A business with genuinely strong work was posting finished photos to Facebook and nowhere else. Those photos disappear down a feed in a day. The same project, written up as a proof page, works for years.
Google asks for signs of real experience, expertise, and trust, what it calls E-E-A-T. For a local business, the most believable version of that is your own work, written up honestly. A finished-photo dump does not do it. A short, specific case study does. And it doubles as a sales asset you can send to a hesitant buyer.
The proof-page template
Take one real project and walk it through this structure. It works whether you build decks, install glass, run demolition, or manage someone's marketing.
One project, six parts:
- The situation. Who the customer was (type, town) and what they needed.
- The constraints. Budget, timeline, site conditions, the real-world limits you worked within.
- The decisions. What you chose to do and why. This is where expertise shows.
- The work. Photos of the actual job, in progress and finished.
- The result. What changed for the customer. Use real outcomes, never invented numbers.
- The takeaway. What a similar owner should learn from it.
The rule on numbers
Never fabricate a statistic. A made-up "47% increase" is worse than no number, because the day a real prospect asks about it, you have a credibility problem. If you have permission and real figures, use them. If you do not, describe the outcome honestly in words. Specific and true beats impressive and fake every time.

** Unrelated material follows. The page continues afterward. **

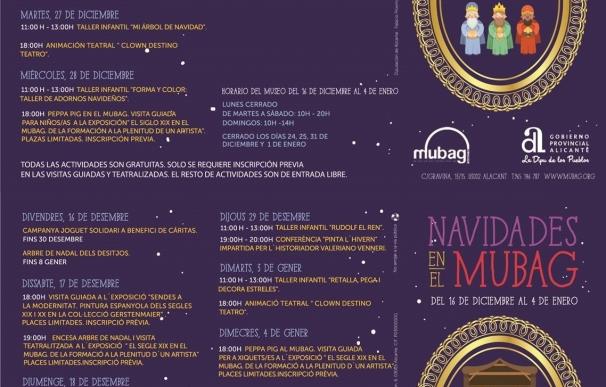 Los museos de la Diputación de Alicante programan talleres, conciertos y teatro para estas Navidades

Get permission, protect the relationship
Ask the customer before you publish names, photos, or numbers. Most are happy to be featured if you ask well. When a client prefers to stay anonymous, write it up as "a service business in the Bemidji area" and keep the specifics that teach without identifying them.
Where these pages live
Collect them on your Case Studies page and link to relevant ones from your service pages. Over time this builds the kind of proof library that ranks, earns trust, and quietly closes sales while you are out on the job.